Being a Gracious Gift Receiver

Engagements begin an onslaught of gift buying and receiving. Which end of the process you are on often depends on who you are in the wedding scenario. If you are a bride or groom, you may be up to your nuptials in wrapping paper. Most of the gifts to you will be from family and friends. However, many couples give gifts to each other, and therein lies the potential for a great token of love to be offered and received -- or feelings to be hurt intensely at an already emotionally-charged time.

In my experience (and after so many years, it is vast and varied)women tend to be the worst offenders when it comes to being lousy recipients of presents. There is a tendency to be a critic of what is being offered, and to ignore the intent of the giver. Of particular annoyance to me is the unrealistic expectation of many brides (probably spurred on by television commercials and the often predatory "wedding industry") over the appropriate size and cost of engagement rings. An engagement ring is a gift. It is a token of love and affection. Being a pill about carat size is not just ungracious -- it's greedy.

I knew one groom who spent weeks shopping for and outfitting a toolbox for his fiancee to carry with her in the trunk of her car when she traveled. He humbled himself and bought "cute" tools, and all kinds of road flares, reflectors, etc. His underlying message was, "I want you to be safe and taken care of no matter where you are." Fortunately, his bride understood his intention, and made a big fuss (in the good sense) over his gift. He loved her, he showed it in his efforts, and she responded with love in return. That's the way it's supposed to go.

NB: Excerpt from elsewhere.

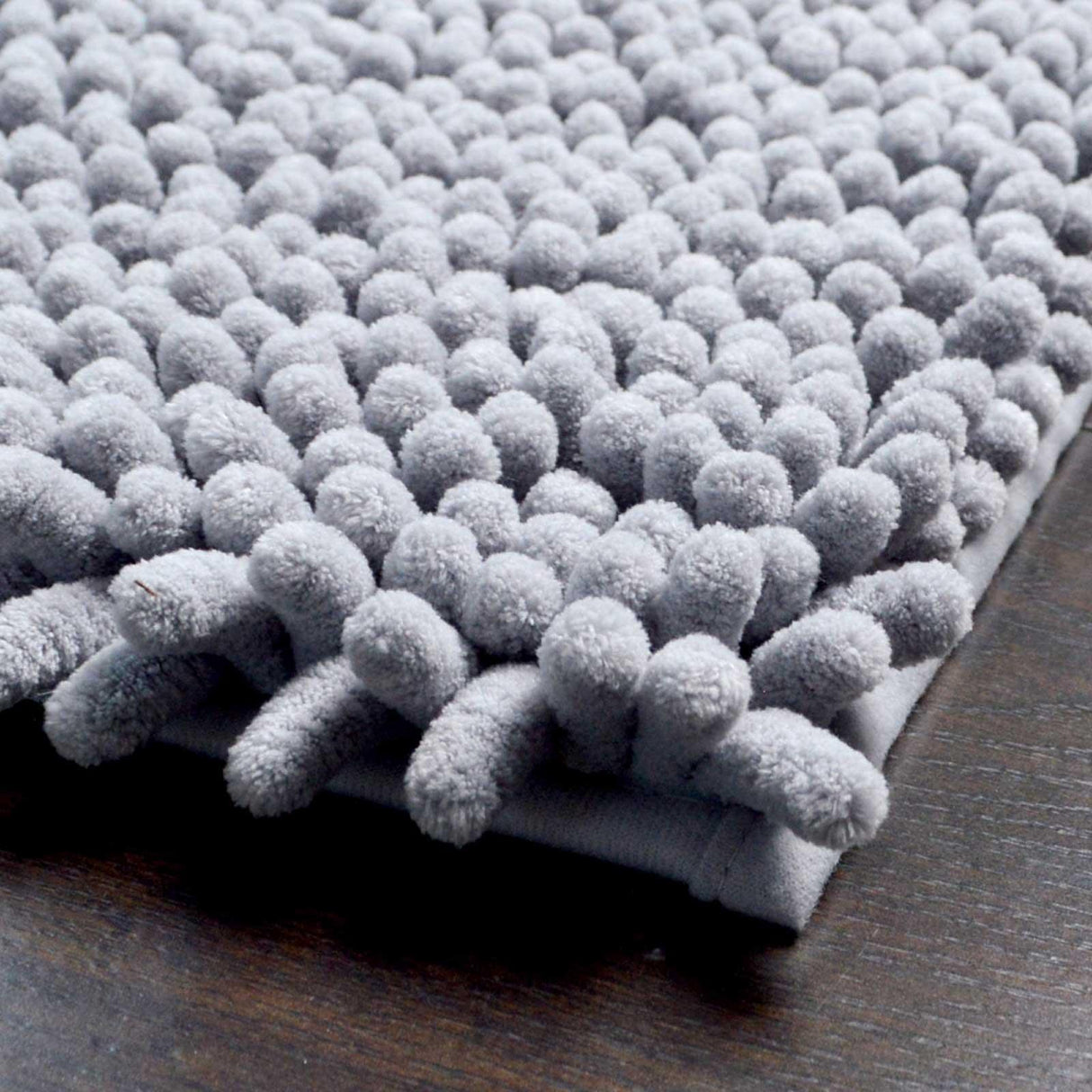 Jumbo Chenille Bobble Bath Mat Dove Grey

It's a rough world, and the way we pay tribute to each other is incredibly important. Try to be sensitive to the underlying motive and message of what your beloved selects not only for an engagement or wedding gift -- but for anniversary presents, Mothers Day, birthdays, etc. I think the saddest words I ever hear anybody say about a spouse -- and one's that are a heads-up for potential problems later on -- are, "She/he never likes anything I do."